Kim, you just returned from an extended training stint at altitude in Mexico. Tell us who you were training with and how the general logistics of the trip were set up. Also, why the choice of Mexico instead of a locale in the U.S.?
KC: After winter cross last year I started thinking about how I’d like to try doing an altitude stint in preparation for winter cross 2011. We knew that coach John Cook’s group had been going to Mexico and staying at an athletic facility that hosts international athletes (La Loma Centro Deportivo, in San Luis Potosí), so [coach Drew Wartenburg] started some doing some research and it took off from there. Mexico seemed like a good choice for altitude training in January because the weather would be really nice and most of the places to train at altitude in the US are covered in snow at this time of year. We got together a small group that consisted of Addie Bracy, who ran in the US Half Marathon Championships this weekend, Brie Felnagle, who is preparing for the indoor national championships, Pat Parsel, who was a teammate of mine at UC Davis, and myself.
Overall, how would you evaluate the success of the training? What elements of your running have benefited in particular?
KC: So far it seems the training has been very successful; I adapted well to running at altitude and I feel great now that I have come down. It was my first time going to altitude to train so it was a little bit of an experiment and I guess we won’t really know how successful it was until I race next Saturday. Altitude aside, spending a month away from the rest of life to devote myself to training with two other like-minded women was certainly beneficial. We couldn’t have asked for a better overall environment and support from the people on site at La Loma and I look forward to returning there in the future for training.
Your first race of the year will be the USA Cross Country Championships in San Diego. What are your expectations coming in? Is a berth to the team for World Cross Country a goal?
KC: I can’t wait to race! I only raced twice in the fall (at the U.S. 10k road championships and the Chiba Ekiden), and really all the training during the last five or six months has been pointed at running well on February 5th. A berth for World Cross Country is the goal, but I’m also just very excited to mix it up in a great field this weekend. My training has been going very well, and I’m looking forward to seeing how that plays out in a race setting against some great athletes.
The course at Mission Bay Park in San Diego is mostly on grass and relatively flat. Do you feel these conditions favor your strengths?
KC: In college I always enjoyed looped races on golf courses and we’ve done a lot of race specific work on grass in preparation for this, so I feel ready. I would say I’m strongest on rolling courses, but I’ll never complain about a running on a flat, fast course either.
You set pretty substantial PR’s last season on the track with 15:51.57 in the 5k and 33:22.28 in the 10k. Do you have plans to get in fast rabbited races to breaks these marks? What other goals do you have for the outdoor season?
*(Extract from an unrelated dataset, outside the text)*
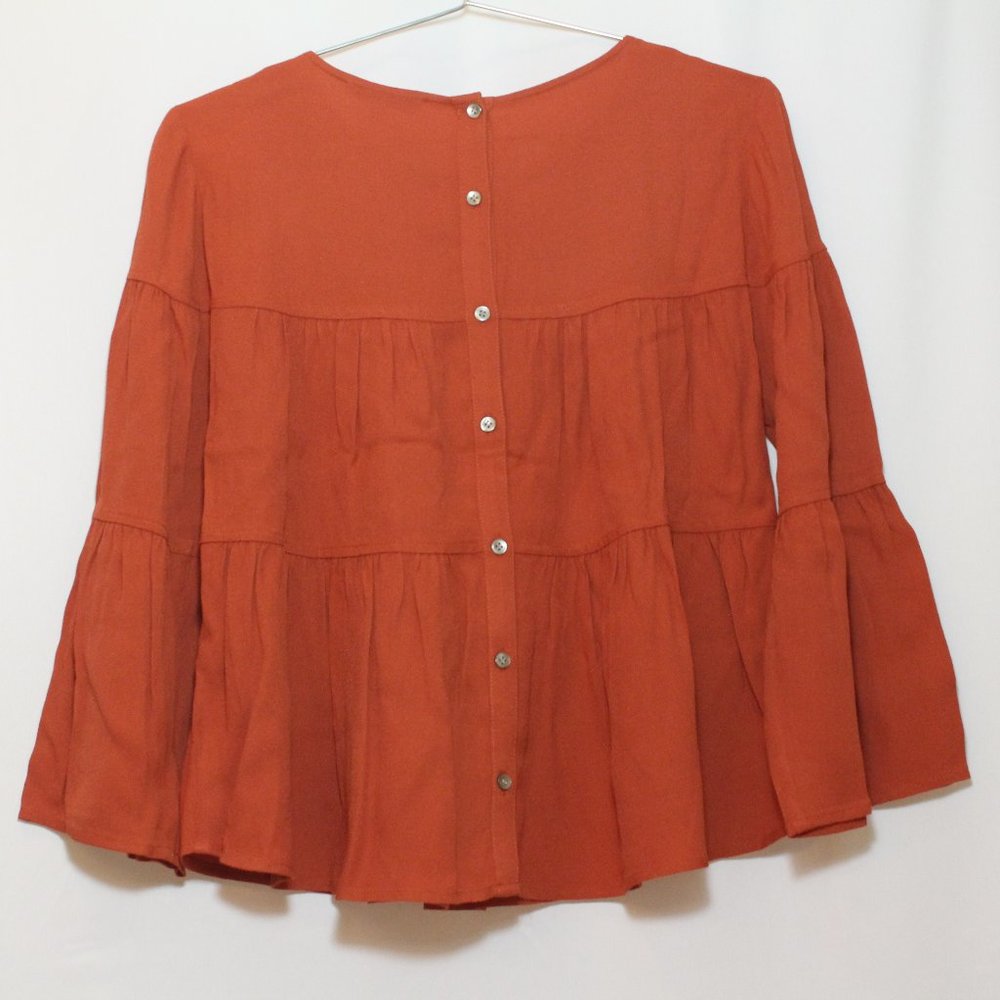 Madewell Women's Tiered Button Back Top Orange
KC: I’m waiting until after this weekend to set goals and lay out a plan for the spring, but for now I can say that I will continue to focus on bringing all my PR’s down from 1500-10k. We’ll have to wait and see what event emerges as the one to focus on at USA’s in June, and we have also tabled the idea of heading to Europe mid-summer.
You had the opportunity to run for team USA at the Chiba International Ekiden in November. How was the experience in competing in a foreign country in such a uniquely formatted race?
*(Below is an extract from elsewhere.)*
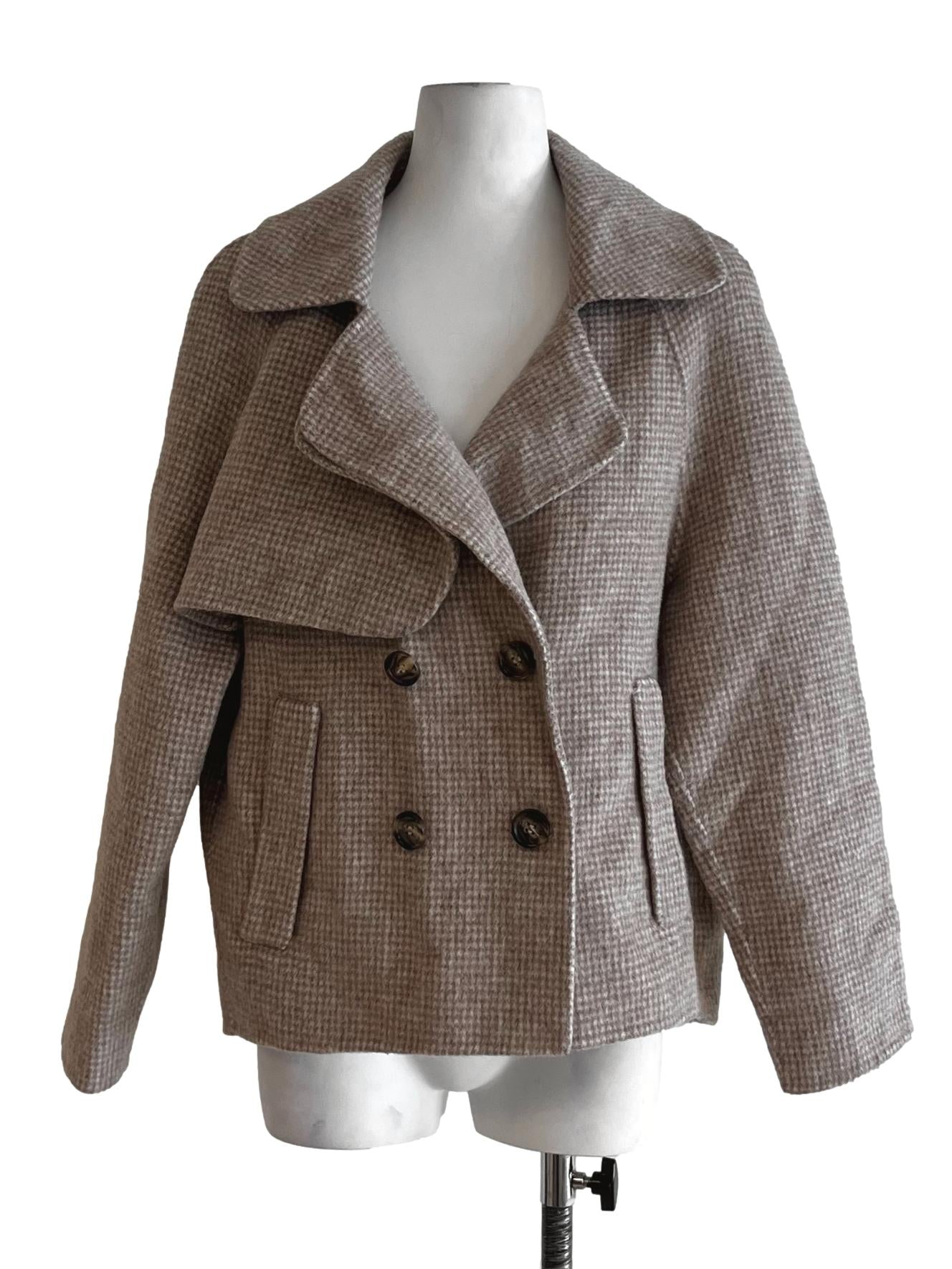 Peanut Brown Shepherd'S Check Double-Breasted Blazer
KC: Running in the Chiba Ekiden was a great experience. There are a lot of extra factors to consider when competing abroad – long travel, overcoming jet lag, and change in diet to name a few. The experience provided a good opportunity to learn to adapt to a different environment while still preparing to race. The race itself also provided a unique challenge. I ran the 4th leg, so the race was very spread out by the time I set off. It felt more like a time trial than a head to head race. Luckily the Russian team only had 15 seconds on us at the start of my leg so I could see a woman ahead of me and spent my leg running her down.
As an assistant coach at UC Davis, how has the experience been mentoring younger runners at your alma mater? What have you been able to get out of it to benefit your own running?
KC: I love helping athletes get ready to run their best. Along with the process of helping them prepare to be better athletes, I become a better athlete myself. I am constantly learning more about myself in all areas from general mindset, daily approach to training and approach to competition. Plus, I have to practice what I preach, so if I’m going to ask them to live and train a certain way I make sure to be on top of my game as well.
We thank Kim for taking time out of her busy schedule to speak with us. We wish her luck on Saturday at USA’s and with all future endeavors.